3 datasets were investigated: 
-124Xe with Scraper    (2. Xray calibration parameters needed) 
-124Xe without Scraper (2. Xray calibration parameters needed) 
-118Te with Scraper    (1. Xray calibration parameters needed) 
 
I looked all the 35°, 90° and 145° detector spectra: 
 -For both Xe measurements all 3 detector signal can be evaluated 
 -For Te beam one can see only in the 145° detector spectra the Kalpha and K-REC peaks (with high uncertainty). For the 35° probably the detector was simply not sensitive enough for such low beam intensities. For the 90° case, I am much surprised, the peaks supposed to be there the most prominent of all. In the spectra, I maybe can recognize a peak at ~27,8keV, but this is even in best case only the Kalpha peak. At the range of the expected K-REC (~40keV), there is a bit of increase in the background overlying the peak. This background increase is also in the background spectra. Also probably this twisted cables issue between 90° and 145° didn't help much. I think anyhow, that maybe this must have some noise related origin. I can remember that the cables (despite all of our and Uwe's tries) were not well grounded, the noise level was kind of floating.  
 
In general, I would also remark that we can see some peaks >60keV in the background, but these luckily don't disturb us. 
 
 
To evaluate the Xray spectra I used the following algorithm: 
1, for each type of beams I used the list of event numbers in the next entry (to exclude "bad" events) 
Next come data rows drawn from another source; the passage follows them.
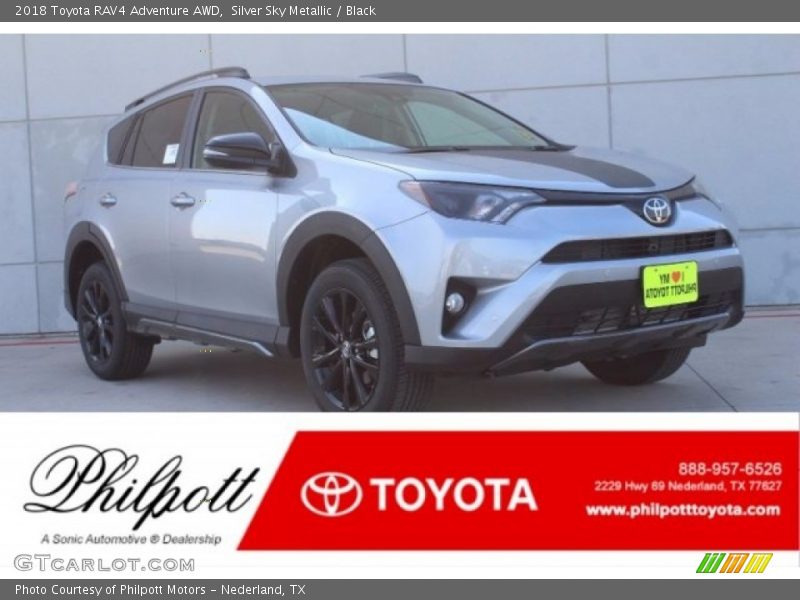 Silver Sky Metallic / Black 2018 Toyota RAV4 Adventure AWD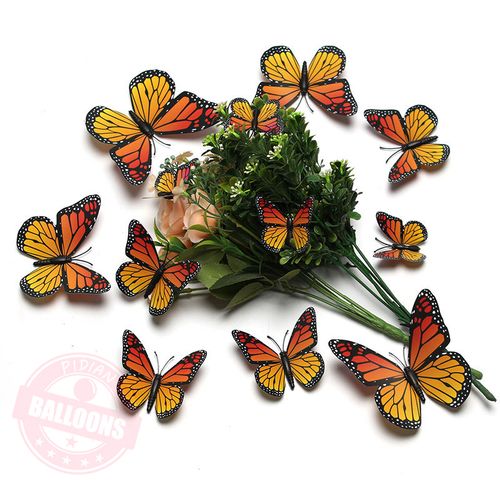 12pcs PVC Monarch Butterfly Decor for Weddings & Parties - Creative Decoration
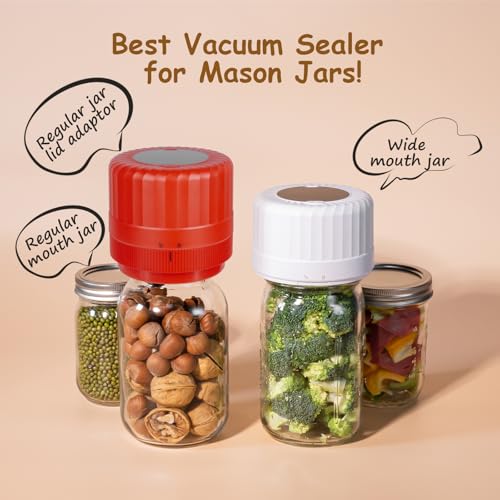 HTPOW Electric Mason Jar Vacuum Sealer Kit + Wide & Regular Mouth Mason Lid | Kitchen Tool, Vacuum Sealing Machine for Canned Food Storage Pantry, Homesteading Supplies, Gifts for Mom Grandma - color: Red
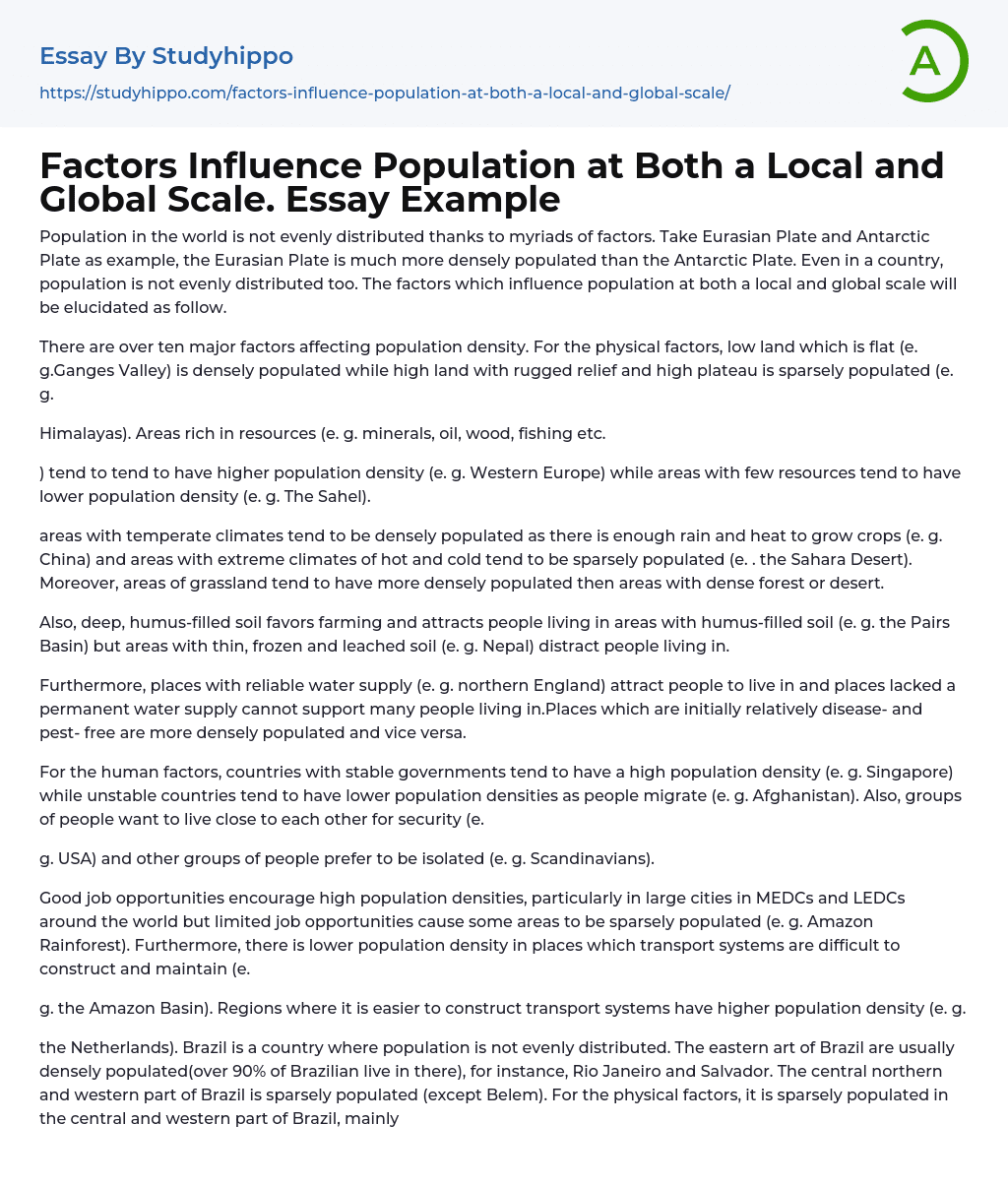 Factors Influence Population at Both a Local and Global Scale. Essay Example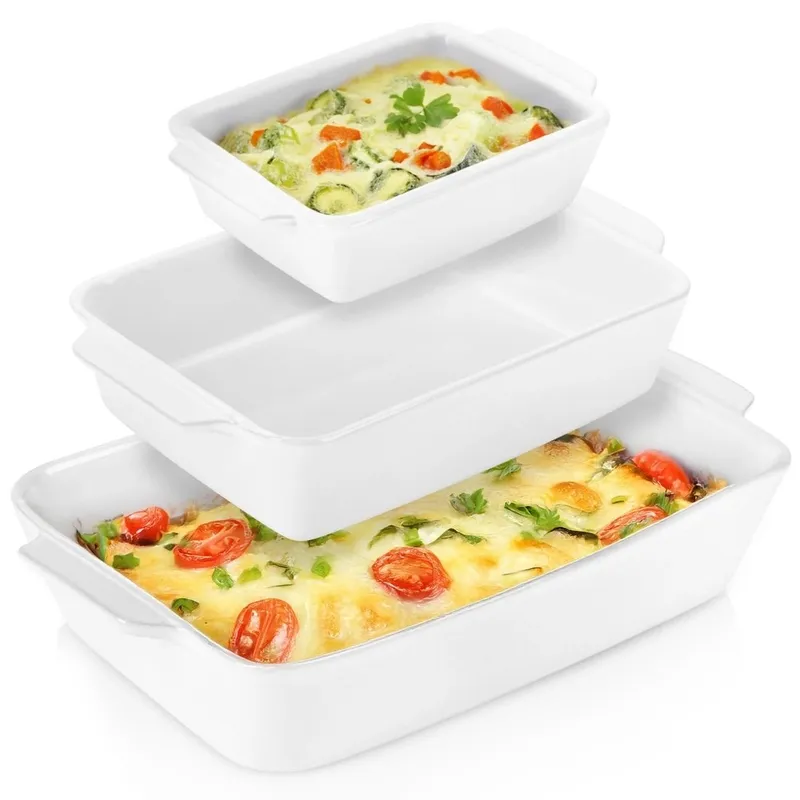 Naczynia Żaroodporne Ceramiczne Zestaw 3 szt. Formy MEBLIVA - Białe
   To get the Kalpha and K-REC and other peaks I used the condition trigger==1 (jet ON) 
   To get the background spectra, I used trigger==2 (Jet OFF). The background spectra is only used to see that there is no underlying peak structure below K-REC. To subtract count, the background histo was NOT in use. 
2, While using a well-suiting number of bins, I plot the JetON and JetOFF histos. 
   By eye I choose the range of the K-REC peak and the range for the background fit on the JetON histo. Ofc range_bckgnd > range_peak. 
   Simultaneously, I check on the JetOFF histo that both, in the fit-range and in the peak-range, there should not be any peak structure visible. 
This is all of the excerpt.